TASK STATEMENT: Leave out the pictures and set down the rest of the listing below word for word.

COLLECTED DATA:
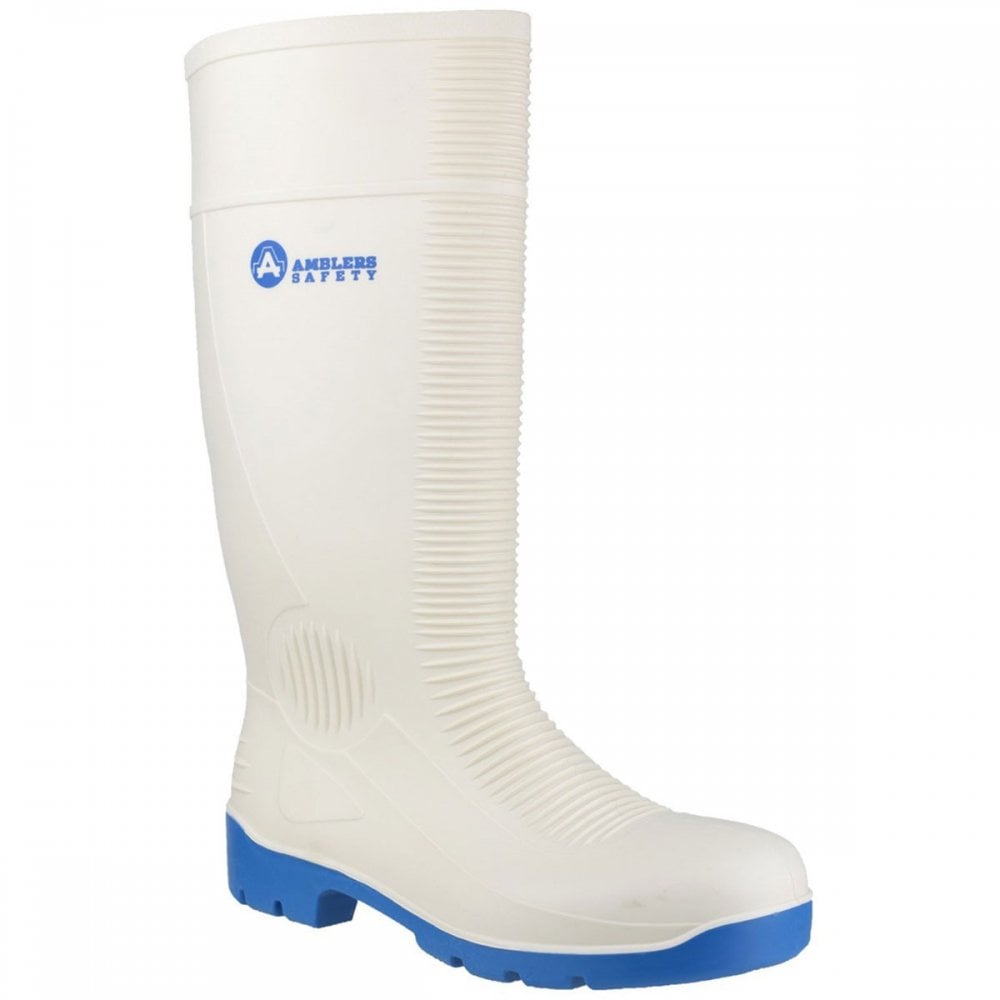 FS98 Steel Toe Food Safety Wellington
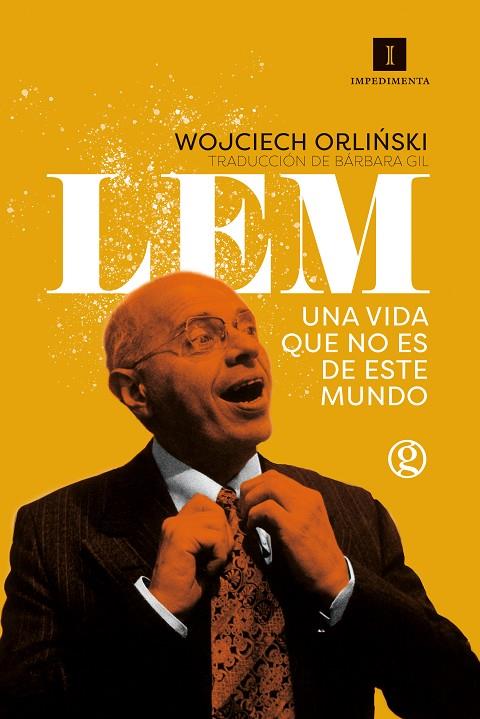 Lem. Una vida que no es de este mundo | 9788418668135 | Orlinski, Wojciech | Librería online de Figueres / Empordà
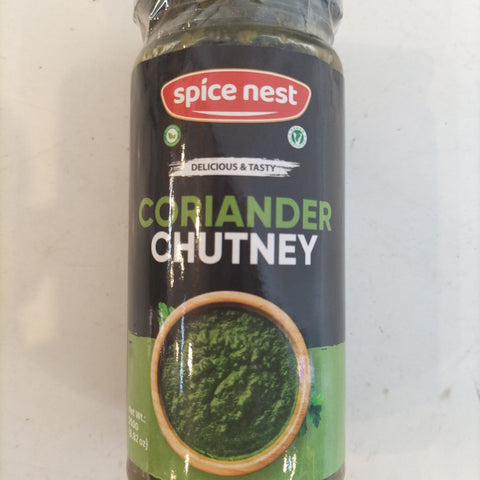 Coriander chutney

EXERCISE ANSWER:
 FS98 Steel Toe Food Safety Wellington
 Lem. Una vida que no es de este mundo | 9788418668135 | Orlinski, Wojciech | Librería online de Figueres / Empordà
 Coriander chutney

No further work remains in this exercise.